# INPUT DATA
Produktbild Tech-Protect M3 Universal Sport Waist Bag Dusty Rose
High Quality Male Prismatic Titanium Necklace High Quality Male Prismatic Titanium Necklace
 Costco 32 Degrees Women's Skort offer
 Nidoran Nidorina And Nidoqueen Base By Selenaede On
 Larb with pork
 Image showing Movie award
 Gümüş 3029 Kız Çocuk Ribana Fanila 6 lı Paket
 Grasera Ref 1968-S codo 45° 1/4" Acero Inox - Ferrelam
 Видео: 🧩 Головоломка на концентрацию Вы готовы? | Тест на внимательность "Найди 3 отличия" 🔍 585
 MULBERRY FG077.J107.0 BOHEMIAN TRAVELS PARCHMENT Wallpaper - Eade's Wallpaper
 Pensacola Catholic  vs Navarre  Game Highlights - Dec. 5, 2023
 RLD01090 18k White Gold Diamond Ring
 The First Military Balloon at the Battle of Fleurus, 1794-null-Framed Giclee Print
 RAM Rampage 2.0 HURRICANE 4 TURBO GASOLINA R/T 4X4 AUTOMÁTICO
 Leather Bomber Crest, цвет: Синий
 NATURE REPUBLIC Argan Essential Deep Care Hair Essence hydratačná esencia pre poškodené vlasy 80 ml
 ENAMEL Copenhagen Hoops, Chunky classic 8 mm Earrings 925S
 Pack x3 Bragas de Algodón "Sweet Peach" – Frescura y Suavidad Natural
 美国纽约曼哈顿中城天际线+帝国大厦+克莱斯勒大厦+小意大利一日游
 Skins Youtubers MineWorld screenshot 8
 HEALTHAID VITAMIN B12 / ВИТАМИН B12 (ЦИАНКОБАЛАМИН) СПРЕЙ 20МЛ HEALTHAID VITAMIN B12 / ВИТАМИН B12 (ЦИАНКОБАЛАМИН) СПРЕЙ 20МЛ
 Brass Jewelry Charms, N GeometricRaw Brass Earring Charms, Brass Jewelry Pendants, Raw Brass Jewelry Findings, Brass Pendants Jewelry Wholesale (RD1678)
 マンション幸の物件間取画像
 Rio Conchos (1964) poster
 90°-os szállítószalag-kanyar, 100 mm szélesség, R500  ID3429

# WHAT THE EXERCISE ASKS
Print only the lines running from the one with "Rio Conchos (1964) poster" to the final line of the data above, each exactly as it appears.

# SOLUTION
 Rio Conchos (1964) poster
 90°-os szállítószalag-kanyar, 100 mm szélesség, R500  ID3429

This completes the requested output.